Informação de carácter geral — não substitui consulta médica individualizada.
Um currículo impressionante, prémios reconhecidos pelos pares, feedback consistentemente positivo — e, por dentro, a convicção persistente de que, a qualquer momento, todos vão descobrir que, na realidade, não se é suficientemente capaz.
O termo foi introduzido em 1978 pelas psicólogas Pauline Clance e Suzanne Imes, num artigo influente sobre um grupo de mulheres de alto desempenho que, apesar de conquistas académicas e profissionais evidentes, persistiam na crença de que não eram, de facto, inteligentes, e que tinham «enganado» quem pensasse o contrário (artigo original).

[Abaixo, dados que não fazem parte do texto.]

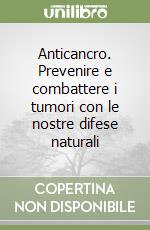 Anticancro. Prevenire e combattere i tumori con le nostre difese naturali libro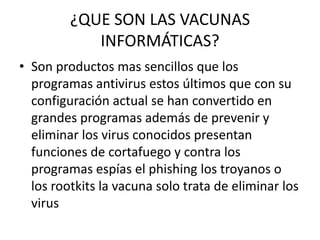 ¿QUE SON LAS VACUNAS
            INFORMÁTICAS?
• Son productos mas sencillos que los
  programas antivirus estos últimos que con su
  configuración actual se han convertido en
  grandes programas además de prevenir y
  eliminar los virus conocidos presentan
  funciones de cortafuego y contra los
  programas espías el phishing los troyanos o
  los rootkits la vacuna solo trata de eliminar los
  virus
 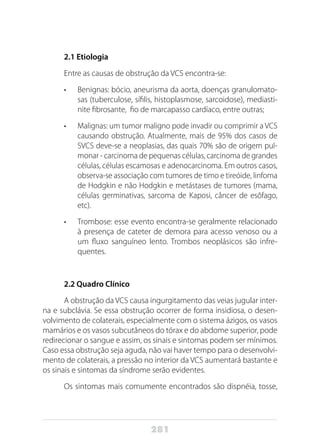281
2.1 Etiologia
Entre as causas de obstrução da VCS encontra-se:
•	 Benignas: bócio, aneurisma da aorta, doenças granulomato-
sas (tuberculose, sífilis, histoplasmose, sarcoidose), mediasti-
nite fibrosante, fio de marcapasso cardíaco, entre outras;
•	 Malignas: um tumor maligno pode invadir ou comprimir a VCS
causando obstrução. Atualmente, mais de 95% dos casos de
SVCS deve-se a neoplasias, das quais 70% são de origem pul-
monar - carcinoma de pequenas células, carcinoma de grandes
células, células escamosas e adenocarcinoma. Em outros casos,
observa-se associação com tumores de timo e tireóide, linfoma
de Hodgkin e não Hodgkin e metástases de tumores (mama,
células germinativas, sarcoma de Kaposi, câncer de esôfago,
etc).
•	 Trombose: esse evento encontra-se geralmente relacionado
à presença de cateter de demora para acesso venoso ou a
um fluxo sanguíneo lento. Trombos neoplásicos são infre-
quentes.
2.2 Quadro Clínico
A obstrução da VCS causa ingurgitamento das veias jugular inter-
na e subclávia. Se essa obstrução ocorrer de forma insidiosa, o desen-
volvimento de colaterais, especialmente com o sistema ázigos, os vasos
mamários e os vasos subcutâneos do tórax e do abdome superior, pode
redirecionar o sangue e assim, os sinais e sintomas podem ser mínimos.
Caso essa obstrução seja aguda, não vai haver tempo para o desenvolvi-
mento de colaterais, a pressão no interior da VCS aumentará bastante e
os sinais e sintomas da síndrome serão evidentes.
Os sintomas mais comumente encontrados são dispnéia, tosse,
 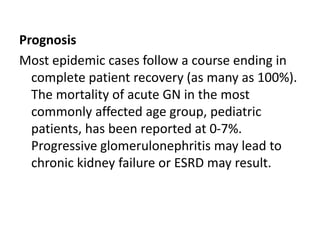 Prognosis
Most epidemic cases follow a course ending in
complete patient recovery (as many as 100%).
The mortality of acute GN in the most
commonly affected age group, pediatric
patients, has been reported at 0-7%.
Progressive glomerulonephritis may lead to
chronic kidney failure or ESRD may result.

As autoras descreveram esta experiência interna como «fraudulência intelectual».
Um sintoma particularmente cruel: nem as conquistas o resolvem
Uma das características mais desconcertantes do síndrome do impostor é que numerosas conquistas — que se esperaria mudarem a crença de incompetência — frequentemente não a alteram. A pessoa encontra formas de descartar cada conquista como sorte, timing, ou engano bem-sucedido, mantendo a crença original intacta. É a distinção entre autoconfiança e autoestima em ação.
Nem só afeta mulheres, ao contrário do que se pensou inicialmente
Embora Clance e Imes tenham observado inicialmente o fenómeno predominantemente em mulheres, investigação mais recente mostra que afeta homens e mulheres em proporções semelhantes, ainda que possa manifestar-se de forma ligeiramente diferente consoante o género.
O que ajuda a trabalhar o síndrome do impostor
Reconhecer o padrão de descartar sistematicamente evidência de competência é o primeiro passo. Manter um registo concreto de conquistas e do feedback positivo recebido — e reler esse registo especificamente nos momentos em que a crença de fraudulência se intensifica — ajuda a contrariar ativamente o padrão de descarte automático. Crenças limitantes e perfeccionismo são frequentemente o pano de fundo.
Perguntas frequentes
O síndrome do impostor é uma perturbação clínica diagnosticável?
Não formalmente — é descrito como um fenómeno psicológico, não uma categoria diagnóstica no sentido clínico estrito, mas é amplamente reconhecido e estudado desde 1978.
O síndrome do impostor afeta mais mulheres do que homens?
A observação inicial de 1978 sugeria isso, mas investigação mais recente mostra que afeta homens e mulheres em proporções semelhantes.
Este artigo tem fins informativos e não substitui uma avaliação clínica individual. Em situação de emergência, ligue 112.